At the same time, unlike the multistage scheme from coarse to fine in the current mainstream methods, we expect to achieve fine-grained image reconstruction in one stage. To this end, we also propose a composite granular discriminator network for image inpainting. The process performs global semantic constraints and nonspecific local dense constraints. Among them, the global semantic constraints are implemented by a global discriminator, and the output of the discriminator is a value that evaluates the overall reality score of the image. The nonspecific local dense constraints are implemented by the local dense discriminator; nonspecific local and dense ones are embodied in our local dense discriminator which performs dense discrimination of multiple overlapping local areas in the image. Therefore, this dense local discrimination method is very suitable for dealing with irregularities. A large number of experiments on multiple data sets including human faces, building facades, and natural images show that the multilevel attention progression-driven generative image repair method generates the image inpainting results of the above with higher image quality than the existing methods.

Aiming at the problem that existing image repair methods still have incorrect results in image reconstruction, this paper proposes an image repair algorithm based on multilevel attention progression. The encoder-decoder used in the image inpainting scheme usually adopts two downsampling and subsequent flat convolutional upsampling structures, so that the bottleneck area of the encoding-decoding network still maintains a size of 64 × 64. Regardless of the use of dilated convolution, the coarse-to-fine structure or single-stage attention matching and replacement cannot effectively use the context information of the 64 × 64 size feature of the bottleneck area. Accordingly, this paper proposes multilevel attention progression. First, the bottleneck area is further scaled into multiple small-scale features, including 8 × 8, 16 × 16, and 32 × 32. After that, the attention-based feature matching and dissemination started from a small scale, and the 8 × 8 attention was propagated to 16 × 16, until 64 × 64. In this way, high-level image features including structure and detail features can be spread smoothly at multiple scales, and the problem that the bottleneck area is too large to make full use of context information is solved.

In summary, the contributions of this paper are as follows: (1) An end-to-end image inpainting model is proposed, which can perform full-resolution image context encoding, the extracted high-level features are compressed into multiscale compact features, and the compact features are driven to perform multilevel attention feature progression according to the order of scales, which realizes the full progression of high-level features including structure and details in the network. (2) The paper proposed a composite granularity discriminator, which performs global semantic constraints and nonspecific local dense constraints on images, so that image inpainting can simultaneously produce high-quality fine-grained reconstructions in a single forward process.

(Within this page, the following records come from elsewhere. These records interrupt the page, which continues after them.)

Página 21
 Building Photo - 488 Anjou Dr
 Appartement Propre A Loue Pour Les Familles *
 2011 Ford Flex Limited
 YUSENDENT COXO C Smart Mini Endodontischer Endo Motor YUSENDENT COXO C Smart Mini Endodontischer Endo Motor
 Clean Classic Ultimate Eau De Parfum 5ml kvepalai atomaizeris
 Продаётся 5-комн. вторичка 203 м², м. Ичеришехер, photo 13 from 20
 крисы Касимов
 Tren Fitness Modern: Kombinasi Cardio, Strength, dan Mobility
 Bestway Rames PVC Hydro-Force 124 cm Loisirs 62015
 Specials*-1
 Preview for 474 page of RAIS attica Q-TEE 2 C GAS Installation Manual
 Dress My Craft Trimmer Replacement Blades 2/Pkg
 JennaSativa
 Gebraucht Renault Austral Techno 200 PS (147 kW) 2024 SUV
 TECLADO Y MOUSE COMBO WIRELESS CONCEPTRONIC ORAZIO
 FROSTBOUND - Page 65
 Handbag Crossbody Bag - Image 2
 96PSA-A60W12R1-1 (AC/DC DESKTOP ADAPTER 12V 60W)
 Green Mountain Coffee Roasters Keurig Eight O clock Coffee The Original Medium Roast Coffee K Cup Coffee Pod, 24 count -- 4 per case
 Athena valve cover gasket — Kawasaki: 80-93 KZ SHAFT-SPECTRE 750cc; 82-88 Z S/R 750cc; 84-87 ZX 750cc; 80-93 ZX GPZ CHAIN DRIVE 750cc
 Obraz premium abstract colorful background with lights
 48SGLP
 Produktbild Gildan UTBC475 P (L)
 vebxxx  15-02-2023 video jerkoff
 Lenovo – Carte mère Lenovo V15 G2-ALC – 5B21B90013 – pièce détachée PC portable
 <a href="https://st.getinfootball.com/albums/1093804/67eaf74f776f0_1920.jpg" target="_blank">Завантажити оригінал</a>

In this paper, the main structure is as follows: (1) Section 2 had depicted the details of related works. The two types of image inpainting methods had included traditional image inpainting method and deep learning. (2) Section 3 had proposed an improved multilevel attention dissemination network. (3) Section 4 had described the experimental results on the Places2, CelebA-HQ, and Facade datasets. (4) Section 5 had concluded our research works and future works.

2.1. Traditional Image Inpainting Method

Traditional methods that use low-level image information and nonsemantic features can be divided into two categories: diffusion-based methods and image block-based methods. Diffusion-based methods use distance fields mechanisms such as spreading image information from neighboring pixels to the target area with a very effective repair effect for small areas of the image or narrow defect areas like scratches. When the defect area is too large or the texture changes greatly, they usually generate obvious visual artifacts. The block-based methods are first used for texture synthesis and then extended to image repair. Compared with diffusion-based methods, image block-based methods can repair more complex images of the scene [16]. Generally, image block-based methods use an iterative method to sample similar information from the nondefective area of the same image or from an external image library to fill the defect area. Since the similarity score of each target-source pair must be calculated, this type of method requires a lot of calculation and memory overhead. PatchMatch [17] is an effective image block-based method. It solves this problem through a fast nearest neighbor algorithm, which greatly accelerates the speed of traditional algorithms and achieves higher quality repair effects. Based on images block-based method it is assumed that the texture of the repaired area can be found in other areas of the image. However, this assumption may not be true from time to time, thus limiting the scope of application of this method. In addition, due to the lack of a high-level semantic understanding of the image, the image block-based method cannot reconstruct the semantically reasonable results for highly patterned damaged images such as faces. Therefore, no matter the traditional repair methods is based on diffusion or image blocks, they cannot perceive the high-level semantics of the image.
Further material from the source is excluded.